The Real iPad Review - glower
http://www.thekmiecs.com/misc/real-ipad-review/
======
jcromartie
This is ridiculous.

Let's just deconstruct it:

"Do you like a linear approach for doing things? If so, the iPad is perfect
for you."

I can already feel the condescension.

"Everything about the iPad interface is linear. Every desired final action is
accomplished through a series of taps."

As opposed to what, chords? Those are the only non-linear interface I know
of... otherwise most inputs are processed sequentially in time.

"Want to read a book? Cool. Tap the home button. Tap the iBook app. Tap the
library view. Tap the book you want to read."

As opposed to...? What? Seriously. Someone help me out here. Someone name a
better way to launch a book in a reader. Would "tapping" each key to spell the
command to launch your uber-l33t CLI reader and the path to the book be
better? Would "tapping" a combination of keys to bring up your GUI app
launcher and then "tapping" the first few chars of the book and "tapping"
enter be demonstrably better?

"Hopefully, you’re getting the point. Some will call this brilliant. I call it
rudimentary and lacking, especially when you consider that you’ll be doing a
lot of tapping since there is STILL no multi-tasking functionality. Yes, just
like the iPhone, you can’t switch between apps."

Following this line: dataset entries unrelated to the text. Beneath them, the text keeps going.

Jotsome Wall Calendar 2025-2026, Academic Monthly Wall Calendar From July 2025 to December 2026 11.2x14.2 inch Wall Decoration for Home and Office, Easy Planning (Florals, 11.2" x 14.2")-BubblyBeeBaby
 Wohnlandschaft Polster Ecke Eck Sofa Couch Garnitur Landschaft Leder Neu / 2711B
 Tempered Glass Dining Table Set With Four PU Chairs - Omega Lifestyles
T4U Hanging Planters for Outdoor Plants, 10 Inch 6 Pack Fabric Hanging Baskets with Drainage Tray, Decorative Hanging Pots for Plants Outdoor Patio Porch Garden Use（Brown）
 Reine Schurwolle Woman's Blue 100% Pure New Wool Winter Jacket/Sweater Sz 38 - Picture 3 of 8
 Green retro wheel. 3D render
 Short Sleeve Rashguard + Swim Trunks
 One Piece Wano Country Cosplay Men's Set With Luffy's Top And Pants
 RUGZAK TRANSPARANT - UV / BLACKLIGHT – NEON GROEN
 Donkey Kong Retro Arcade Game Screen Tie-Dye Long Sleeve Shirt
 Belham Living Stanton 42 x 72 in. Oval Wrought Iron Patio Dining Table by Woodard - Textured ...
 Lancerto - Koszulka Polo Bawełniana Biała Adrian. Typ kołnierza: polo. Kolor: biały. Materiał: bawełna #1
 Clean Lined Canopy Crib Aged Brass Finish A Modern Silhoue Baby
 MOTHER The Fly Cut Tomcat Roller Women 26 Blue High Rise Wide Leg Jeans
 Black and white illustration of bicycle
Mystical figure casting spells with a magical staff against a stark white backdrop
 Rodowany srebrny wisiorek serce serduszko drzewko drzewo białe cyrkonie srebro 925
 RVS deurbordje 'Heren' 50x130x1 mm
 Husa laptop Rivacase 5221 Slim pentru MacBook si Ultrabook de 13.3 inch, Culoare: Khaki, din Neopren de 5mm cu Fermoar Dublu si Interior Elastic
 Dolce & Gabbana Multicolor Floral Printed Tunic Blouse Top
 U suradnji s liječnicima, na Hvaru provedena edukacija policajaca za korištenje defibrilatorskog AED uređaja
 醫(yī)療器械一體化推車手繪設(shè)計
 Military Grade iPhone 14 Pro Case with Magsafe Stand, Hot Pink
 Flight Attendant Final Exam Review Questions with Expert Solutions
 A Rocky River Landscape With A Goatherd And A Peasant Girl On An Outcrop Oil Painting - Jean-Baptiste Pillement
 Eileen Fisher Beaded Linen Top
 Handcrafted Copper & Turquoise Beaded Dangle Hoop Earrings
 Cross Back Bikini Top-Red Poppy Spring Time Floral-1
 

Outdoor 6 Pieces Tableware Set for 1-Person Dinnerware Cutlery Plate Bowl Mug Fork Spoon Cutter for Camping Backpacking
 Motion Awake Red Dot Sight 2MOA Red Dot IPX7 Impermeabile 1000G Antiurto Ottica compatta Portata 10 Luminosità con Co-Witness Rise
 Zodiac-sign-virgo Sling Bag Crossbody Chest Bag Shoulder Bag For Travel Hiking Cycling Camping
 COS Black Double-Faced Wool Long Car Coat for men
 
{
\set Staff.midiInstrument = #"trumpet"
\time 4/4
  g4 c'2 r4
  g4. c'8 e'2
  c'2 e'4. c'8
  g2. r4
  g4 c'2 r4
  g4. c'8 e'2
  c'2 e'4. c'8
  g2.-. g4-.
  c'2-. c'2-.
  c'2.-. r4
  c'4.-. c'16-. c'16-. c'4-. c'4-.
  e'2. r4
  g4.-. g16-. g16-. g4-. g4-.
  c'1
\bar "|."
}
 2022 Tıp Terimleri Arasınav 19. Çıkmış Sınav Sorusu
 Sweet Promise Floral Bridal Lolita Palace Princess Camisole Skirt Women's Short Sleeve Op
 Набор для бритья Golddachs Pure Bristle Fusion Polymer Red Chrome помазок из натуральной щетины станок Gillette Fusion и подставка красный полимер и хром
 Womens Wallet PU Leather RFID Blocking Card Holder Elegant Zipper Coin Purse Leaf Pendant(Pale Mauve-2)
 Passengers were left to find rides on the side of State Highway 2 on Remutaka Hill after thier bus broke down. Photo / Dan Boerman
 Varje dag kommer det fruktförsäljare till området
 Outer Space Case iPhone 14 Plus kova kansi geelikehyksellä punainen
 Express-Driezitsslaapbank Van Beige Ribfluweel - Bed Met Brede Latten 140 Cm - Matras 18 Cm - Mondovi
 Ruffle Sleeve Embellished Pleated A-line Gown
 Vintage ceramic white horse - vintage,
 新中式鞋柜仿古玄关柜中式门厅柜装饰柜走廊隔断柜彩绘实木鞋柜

You can switch between apps... Any app worth its salt saves and resumes its
state as quickly as possible.

"If you’re watching a movie and want to tweet a comment about it, you’ll need
to exit the movie app, switch to the twitter app, tweet away, close the
twitter app, re-launch the movie app, tap to resume the movie…etc."

Again, the alternative is...? Pausing the move, switching to the Twitter app,
tweeting, and then switching to the movie app? What? You think you can tweet
without pausing? Well I hope you stay off the road, because I bet you think
you have better multi-tasking skills than the average luser and can text and
drive just fine thank you very much, don't you?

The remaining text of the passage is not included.